Math & Science ⇒ how can it be written the least common denominator

[Krio]

I want to write something like
12|2 10|2
6|2 5|5
3|3 1|
1|

It can be one o more decompositions in prime numbers. I can't obtain and straight line. This example is the decomoposition of 12 (2x2x3) and 10 (2x5).

Thx

[evaristegalois]

How about

Code: Select all

\begin{equation}
  \label{eq:temp}
  \begin{array}{r|l}
    12 & 2 \\
    6 & 2 \\
    3 & 3 \\
    1 & 
  \end{array}\notag
\end{equation}

[Krio]

Thx

The array approach is good to one lcd decomñposition but I see difficult to use in multiple lcd decompositions.

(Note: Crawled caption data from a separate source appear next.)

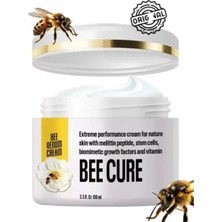 Sh Süper Bee Cure Masaj Kremi 100 ml x 4 Adet Sh Najmaddin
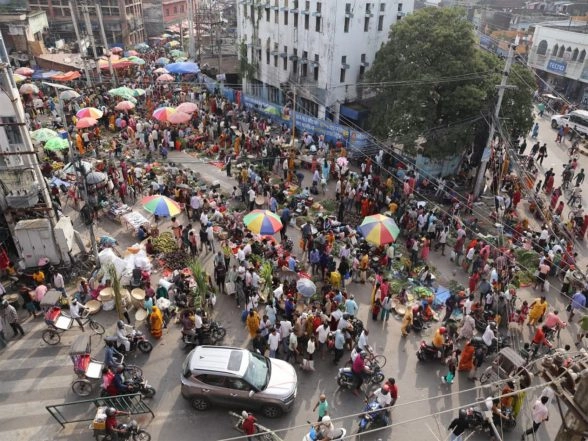 Notícias do mundo | Os mercados no Nepal agitam-se enquanto os devotos se preparam para o festival Chhath Notícias do mundo | Os mercados no Nepal agitam-se enquanto os devotos se preparam para o festival Chhath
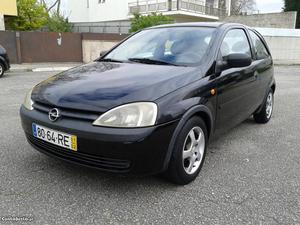 Opel Corsa C/ Dir. Assistida Fevereiro/01 - à venda -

In a similar way, I used the tabular approach but it comes with some troubles. The next example show that the first decomposition has the line too large. I can order by size (first the 16 decomposition, in the middle the 12 decomposition and last the 10 decomposition) but I wonder that not exists a \decomposition command.

Code: Select all

\begin{tabular}{r|l r|l r|l}
12 & 2 &16 & 2 & 10 & 2\\
6 & 2 & 8 & 2 & 5 & 5\\
3 & 3 & 4 & 2 & 1\\ 
1 & &2 & 2\\
 &  & 1
\end{tabular}
\subsection{A subsection}

[rais]

The array approach is good to one lcd decomñposition but I see difficult to use in multiple lcd decompositions.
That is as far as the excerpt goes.